Docker Command that I run:

docker run -d --restart=always --volume-driver=nfs -v /td-bmp:/td-bmp:rw
–memory=128g --memory-reservation=32g --cpu-shares=28
–name=worker-1 daas-worker:latest --spark-name daas1

My Problem

The csv generation takes a LONG time when I try to run the script within the docker container as compared to running it on the host.

For example in-order to generate a 5GB csv file the host takes an avg time of 30 mins (including querying the db and writing out the csv file). Whereas if I run the same scenario within the container, it takes almost 1.5 hrs to generate the same results. That is an hour more than the host.

From what I understand, the difference shouldn’t be that huge. I mean I do understand that there will be some trade offs but this 1 hr sounds real bad. Am I doing something wrong?

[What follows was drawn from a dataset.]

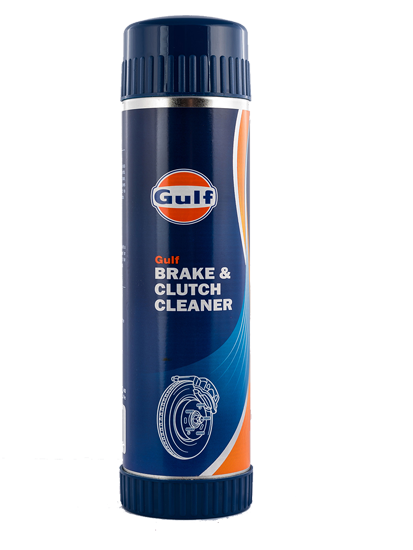 Gulf Brake & Clutch Cleaner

Please do let me know if you need anything else from me.


I’m having the exactly same problem!

Docker version 18.09.2, build 6247962
Python 3.7
pandas 0.24.2

I have a minimal working example that writes a 8 GiB csv file to disk using pandas. It takes 15 mins on host and 1.5 hours in docker to finish.

Hi @meownoid,

I think I have a quick fix for this. This doesn’t seems to be a docker problem. All you need to do is add chunksize to the pandas.to_csv() and you will notice a drastic improvement in the speed at which a csv file gets written.

Here is what I did:
data.to_csv(filename, index=False, header=True, chunksize=200000, encoding=‘utf-8’)

By doing so I was able to generate a 5GB csv file within 6 mins.

You can further improve this by writing out a file:

data.to_csv(filename +’.zip’, index=False, header=True, chunksize=200000, compression =‘zip’, encoding=‘utf-8’)

–> I was able to generate a 5 GB within 1 min. Which is super quick!

Hope this helps!

Thanks a lot @sdhanyam, that helped! Turned out I had different versions of pandas on the host and in docker and since version 0.24 to_csv works much slowly without additional arguments.